EXERCISE GOAL: What follows is a set of records; repeat all of them exactly.

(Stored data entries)
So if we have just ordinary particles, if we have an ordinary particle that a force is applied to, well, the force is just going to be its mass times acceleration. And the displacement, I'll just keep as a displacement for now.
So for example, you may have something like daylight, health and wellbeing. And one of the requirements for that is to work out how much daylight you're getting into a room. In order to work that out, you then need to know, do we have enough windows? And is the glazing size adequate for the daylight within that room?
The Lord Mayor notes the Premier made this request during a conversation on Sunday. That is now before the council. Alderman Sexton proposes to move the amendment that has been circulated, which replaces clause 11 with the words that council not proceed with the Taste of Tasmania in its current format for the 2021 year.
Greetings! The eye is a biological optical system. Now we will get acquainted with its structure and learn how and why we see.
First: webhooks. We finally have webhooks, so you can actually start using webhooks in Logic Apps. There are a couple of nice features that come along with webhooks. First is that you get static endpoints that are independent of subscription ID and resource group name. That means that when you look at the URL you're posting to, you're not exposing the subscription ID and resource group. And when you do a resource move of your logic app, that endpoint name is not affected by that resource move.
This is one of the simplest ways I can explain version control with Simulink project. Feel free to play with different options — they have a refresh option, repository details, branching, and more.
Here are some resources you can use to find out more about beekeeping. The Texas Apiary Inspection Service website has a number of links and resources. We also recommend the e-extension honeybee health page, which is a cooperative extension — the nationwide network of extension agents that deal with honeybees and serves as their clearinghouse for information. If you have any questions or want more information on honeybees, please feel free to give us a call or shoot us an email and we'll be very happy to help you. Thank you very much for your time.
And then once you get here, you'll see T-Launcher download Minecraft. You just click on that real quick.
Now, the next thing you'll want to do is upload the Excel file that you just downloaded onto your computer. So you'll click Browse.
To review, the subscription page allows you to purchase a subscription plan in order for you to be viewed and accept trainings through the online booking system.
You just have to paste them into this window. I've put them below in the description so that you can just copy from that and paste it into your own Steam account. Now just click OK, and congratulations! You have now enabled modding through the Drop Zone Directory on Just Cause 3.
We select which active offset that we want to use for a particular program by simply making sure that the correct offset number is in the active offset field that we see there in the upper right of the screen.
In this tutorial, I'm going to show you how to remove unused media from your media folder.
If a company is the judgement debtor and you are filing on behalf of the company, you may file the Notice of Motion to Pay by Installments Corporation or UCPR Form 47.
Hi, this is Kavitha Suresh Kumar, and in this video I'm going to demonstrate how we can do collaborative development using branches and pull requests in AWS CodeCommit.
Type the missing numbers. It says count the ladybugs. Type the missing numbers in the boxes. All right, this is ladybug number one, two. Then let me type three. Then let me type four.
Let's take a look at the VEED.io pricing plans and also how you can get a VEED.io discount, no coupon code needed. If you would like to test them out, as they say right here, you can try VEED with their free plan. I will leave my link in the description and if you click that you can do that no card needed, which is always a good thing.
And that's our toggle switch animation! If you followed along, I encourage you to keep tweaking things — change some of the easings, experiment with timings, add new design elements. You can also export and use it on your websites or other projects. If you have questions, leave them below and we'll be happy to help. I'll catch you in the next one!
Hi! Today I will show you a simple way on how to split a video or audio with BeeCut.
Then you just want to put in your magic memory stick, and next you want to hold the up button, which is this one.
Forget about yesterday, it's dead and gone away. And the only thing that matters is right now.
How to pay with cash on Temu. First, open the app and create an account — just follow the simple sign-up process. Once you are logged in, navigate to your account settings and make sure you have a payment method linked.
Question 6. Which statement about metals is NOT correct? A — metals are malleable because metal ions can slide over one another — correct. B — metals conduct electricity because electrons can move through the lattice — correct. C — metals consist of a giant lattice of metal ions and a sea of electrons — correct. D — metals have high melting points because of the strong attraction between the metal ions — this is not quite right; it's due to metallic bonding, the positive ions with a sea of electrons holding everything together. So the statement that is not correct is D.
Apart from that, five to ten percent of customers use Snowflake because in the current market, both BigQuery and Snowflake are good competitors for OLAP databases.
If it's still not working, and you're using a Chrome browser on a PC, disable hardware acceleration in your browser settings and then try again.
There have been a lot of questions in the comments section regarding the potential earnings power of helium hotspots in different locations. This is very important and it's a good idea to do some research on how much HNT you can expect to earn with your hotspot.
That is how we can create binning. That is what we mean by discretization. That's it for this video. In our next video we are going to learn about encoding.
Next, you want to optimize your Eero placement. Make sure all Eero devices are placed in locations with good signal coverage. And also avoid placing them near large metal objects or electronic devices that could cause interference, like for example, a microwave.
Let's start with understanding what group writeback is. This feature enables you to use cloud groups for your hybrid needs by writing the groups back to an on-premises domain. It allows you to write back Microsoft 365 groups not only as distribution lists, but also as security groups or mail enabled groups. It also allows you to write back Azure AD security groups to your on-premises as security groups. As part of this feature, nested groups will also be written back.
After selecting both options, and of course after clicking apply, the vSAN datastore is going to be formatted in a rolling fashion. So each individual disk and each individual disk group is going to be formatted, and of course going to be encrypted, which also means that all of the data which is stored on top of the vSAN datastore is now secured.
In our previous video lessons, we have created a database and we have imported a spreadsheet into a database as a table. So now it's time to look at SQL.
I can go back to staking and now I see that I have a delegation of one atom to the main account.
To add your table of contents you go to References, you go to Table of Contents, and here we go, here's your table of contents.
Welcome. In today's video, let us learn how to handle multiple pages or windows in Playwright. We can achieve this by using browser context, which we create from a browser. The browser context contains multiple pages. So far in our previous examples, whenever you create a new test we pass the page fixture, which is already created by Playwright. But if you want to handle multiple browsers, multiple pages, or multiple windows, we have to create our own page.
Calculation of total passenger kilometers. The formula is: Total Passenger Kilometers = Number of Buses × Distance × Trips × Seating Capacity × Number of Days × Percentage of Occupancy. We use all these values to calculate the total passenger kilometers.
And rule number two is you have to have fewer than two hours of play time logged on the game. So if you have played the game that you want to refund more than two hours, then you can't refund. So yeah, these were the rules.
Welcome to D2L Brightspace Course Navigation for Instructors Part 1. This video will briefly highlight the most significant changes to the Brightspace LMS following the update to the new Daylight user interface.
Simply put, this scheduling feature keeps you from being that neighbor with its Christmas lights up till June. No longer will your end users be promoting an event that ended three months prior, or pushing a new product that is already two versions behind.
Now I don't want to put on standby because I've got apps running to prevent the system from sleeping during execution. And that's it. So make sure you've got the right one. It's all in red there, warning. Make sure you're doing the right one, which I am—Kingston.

RESULT OF THIS EXERCISE:
So if we have just ordinary particles, if we have an ordinary particle that a force is applied to, well, the force is just going to be its mass times acceleration. And the displacement, I'll just keep as a displacement for now.
So for example, you may have something like daylight, health and wellbeing. And one of the requirements for that is to work out how much daylight you're getting into a room. In order to work that out, you then need to know, do we have enough windows? And is the glazing size adequate for the daylight within that room?
The Lord Mayor notes the Premier made this request during a conversation on Sunday. That is now before the council. Alderman Sexton proposes to move the amendment that has been circulated, which replaces clause 11 with the words that council not proceed with the Taste of Tasmania in its current format for the 2021 year.
Greetings! The eye is a biological optical system. Now we will get acquainted with its structure and learn how and why we see.
First: webhooks. We finally have webhooks, so you can actually start using webhooks in Logic Apps. There are a couple of nice features that come along with webhooks. First is that you get static endpoints that are independent of subscription ID and resource group name. That means that when you look at the URL you're posting to, you're not exposing the subscription ID and resource group. And when you do a resource move of your logic app, that endpoint name is not affected by that resource move.
This is one of the simplest ways I can explain version control with Simulink project. Feel free to play with different options — they have a refresh option, repository details, branching, and more.
Here are some resources you can use to find out more about beekeeping. The Texas Apiary Inspection Service website has a number of links and resources. We also recommend the e-extension honeybee health page, which is a cooperative extension — the nationwide network of extension agents that deal with honeybees and serves as their clearinghouse for information. If you have any questions or want more information on honeybees, please feel free to give us a call or shoot us an email and we'll be very happy to help you. Thank you very much for your time.
And then once you get here, you'll see T-Launcher download Minecraft. You just click on that real quick.
Now, the next thing you'll want to do is upload the Excel file that you just downloaded onto your computer. So you'll click Browse.
To review, the subscription page allows you to purchase a subscription plan in order for you to be viewed and accept trainings through the online booking system.
You just have to paste them into this window. I've put them below in the description so that you can just copy from that and paste it into your own Steam account. Now just click OK, and congratulations! You have now enabled modding through the Drop Zone Directory on Just Cause 3.
We select which active offset that we want to use for a particular program by simply making sure that the correct offset number is in the active offset field that we see there in the upper right of the screen.
In this tutorial, I'm going to show you how to remove unused media from your media folder.
If a company is the judgement debtor and you are filing on behalf of the company, you may file the Notice of Motion to Pay by Installments Corporation or UCPR Form 47.
Hi, this is Kavitha Suresh Kumar, and in this video I'm going to demonstrate how we can do collaborative development using branches and pull requests in AWS CodeCommit.
Type the missing numbers. It says count the ladybugs. Type the missing numbers in the boxes. All right, this is ladybug number one, two. Then let me type three. Then let me type four.
Let's take a look at the VEED.io pricing plans and also how you can get a VEED.io discount, no coupon code needed. If you would like to test them out, as they say right here, you can try VEED with their free plan. I will leave my link in the description and if you click that you can do that no card needed, which is always a good thing.
And that's our toggle switch animation! If you followed along, I encourage you to keep tweaking things — change some of the easings, experiment with timings, add new design elements. You can also export and use it on your websites or other projects. If you have questions, leave them below and we'll be happy to help. I'll catch you in the next one!
Hi! Today I will show you a simple way on how to split a video or audio with BeeCut.
Then you just want to put in your magic memory stick, and next you want to hold the up button, which is this one.
Forget about yesterday, it's dead and gone away. And the only thing that matters is right now.
How to pay with cash on Temu. First, open the app and create an account — just follow the simple sign-up process. Once you are logged in, navigate to your account settings and make sure you have a payment method linked.
Question 6. Which statement about metals is NOT correct? A — metals are malleable because metal ions can slide over one another — correct. B — metals conduct electricity because electrons can move through the lattice — correct. C — metals consist of a giant lattice of metal ions and a sea of electrons — correct. D — metals have high melting points because of the strong attraction between the metal ions — this is not quite right; it's due to metallic bonding, the positive ions with a sea of electrons holding everything together. So the statement that is not correct is D.
Apart from that, five to ten percent of customers use Snowflake because in the current market, both BigQuery and Snowflake are good competitors for OLAP databases.
If it's still not working, and you're using a Chrome browser on a PC, disable hardware acceleration in your browser settings and then try again.
There have been a lot of questions in the comments section regarding the potential earnings power of helium hotspots in different locations. This is very important and it's a good idea to do some research on how much HNT you can expect to earn with your hotspot.
That is how we can create binning. That is what we mean by discretization. That's it for this video. In our next video we are going to learn about encoding.
Next, you want to optimize your Eero placement. Make sure all Eero devices are placed in locations with good signal coverage. And also avoid placing them near large metal objects or electronic devices that could cause interference, like for example, a microwave.
Let's start with understanding what group writeback is. This feature enables you to use cloud groups for your hybrid needs by writing the groups back to an on-premises domain. It allows you to write back Microsoft 365 groups not only as distribution lists, but also as security groups or mail enabled groups. It also allows you to write back Azure AD security groups to your on-premises as security groups. As part of this feature, nested groups will also be written back.
After selecting both options, and of course after clicking apply, the vSAN datastore is going to be formatted in a rolling fashion. So each individual disk and each individual disk group is going to be formatted, and of course going to be encrypted, which also means that all of the data which is stored on top of the vSAN datastore is now secured.
In our previous video lessons, we have created a database and we have imported a spreadsheet into a database as a table. So now it's time to look at SQL.
I can go back to staking and now I see that I have a delegation of one atom to the main account.
To add your table of contents you go to References, you go to Table of Contents, and here we go, here's your table of contents.
Welcome. In today's video, let us learn how to handle multiple pages or windows in Playwright. We can achieve this by using browser context, which we create from a browser. The browser context contains multiple pages. So far in our previous examples, whenever you create a new test we pass the page fixture, which is already created by Playwright. But if you want to handle multiple browsers, multiple pages, or multiple windows, we have to create our own page.
Calculation of total passenger kilometers. The formula is: Total Passenger Kilometers = Number of Buses × Distance × Trips × Seating Capacity × Number of Days × Percentage of Occupancy. We use all these values to calculate the total passenger kilometers.
And rule number two is you have to have fewer than two hours of play time logged on the game. So if you have played the game that you want to refund more than two hours, then you can't refund. So yeah, these were the rules.
Welcome to D2L Brightspace Course Navigation for Instructors Part 1. This video will briefly highlight the most significant changes to the Brightspace LMS following the update to the new Daylight user interface.
Simply put, this scheduling feature keeps you from being that neighbor with its Christmas lights up till June. No longer will your end users be promoting an event that ended three months prior, or pushing a new product that is already two versions behind.
Now I don't want to put on standby because I've got apps running to prevent the system from sleeping during execution. And that's it. So make sure you've got the right one. It's all in red there, warning. Make sure you're doing the right one, which I am—Kingston.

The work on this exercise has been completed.